_Work required_
Write out all the entries word for word and omit any pictures.
(Records for this exercise begins)
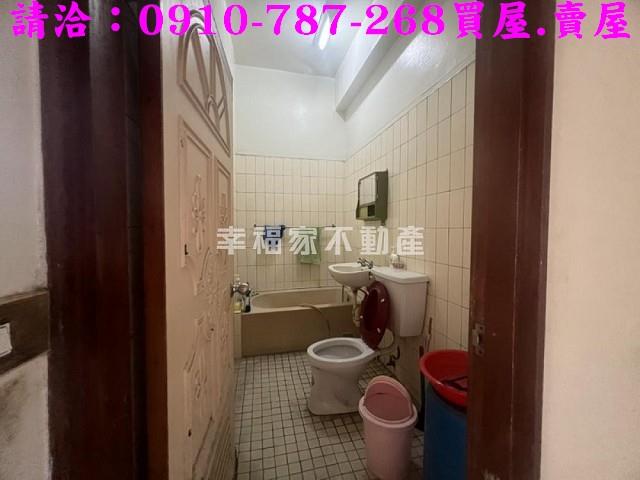 歸仁透天-11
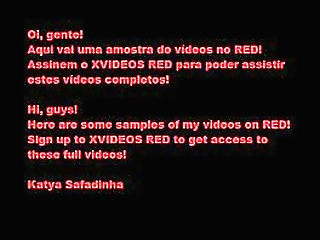 latina transgender ass fucks hairy guy s asshole hardcore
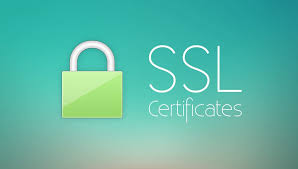 گواهی SSL و تاثیر گواهی امنیتی SSL بر سئو سایت چیست؟
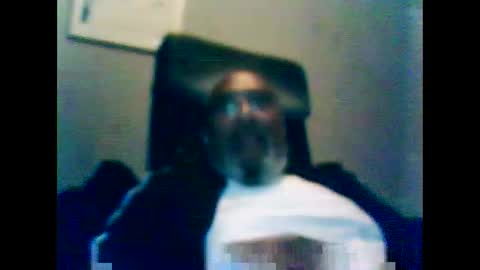 dofrank969 online show from September 2025 10:54:02 PM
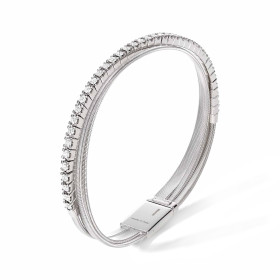 Marco Bicego Marakech Couture Armband BG728 B1 W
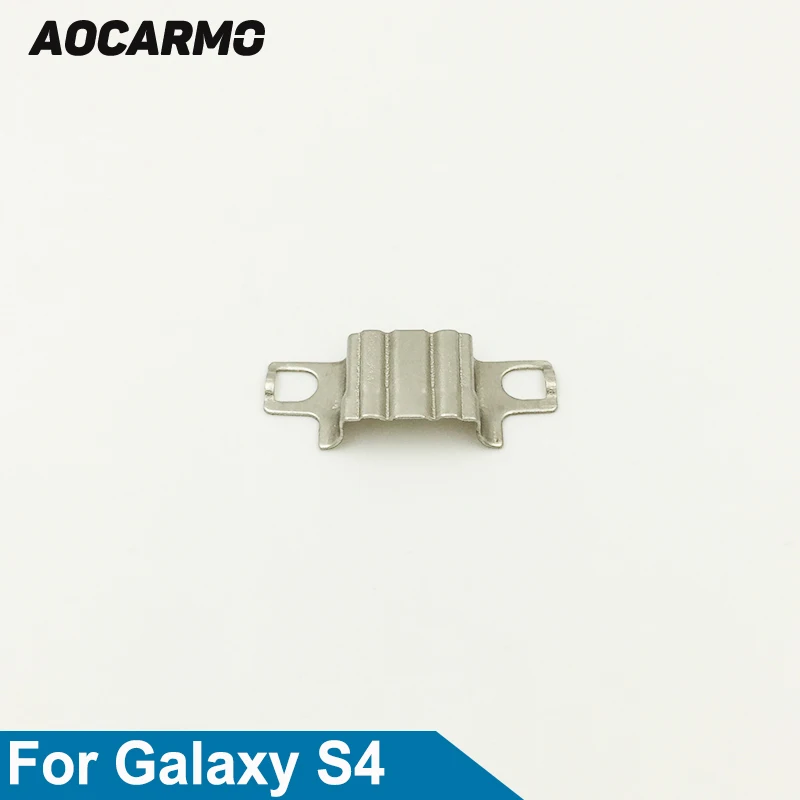 Шлейф зарядного устройства Aocarmo для Samsung Galaxy S4 i9500 i9505 | Мобильные телефоны и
(Records for this exercise ends)
_Output for this task_
 歸仁透天-11
 latina transgender ass fucks hairy guy s asshole hardcore
 گواهی SSL و تاثیر گواهی امنیتی SSL بر سئو سایت چیست؟
 dofrank969 online show from September 2025 10:54:02 PM
 Marco Bicego Marakech Couture Armband BG728 B1 W
 Шлейф зарядного устройства Aocarmo для Samsung Galaxy S4 i9500 i9505 | Мобильные телефоны и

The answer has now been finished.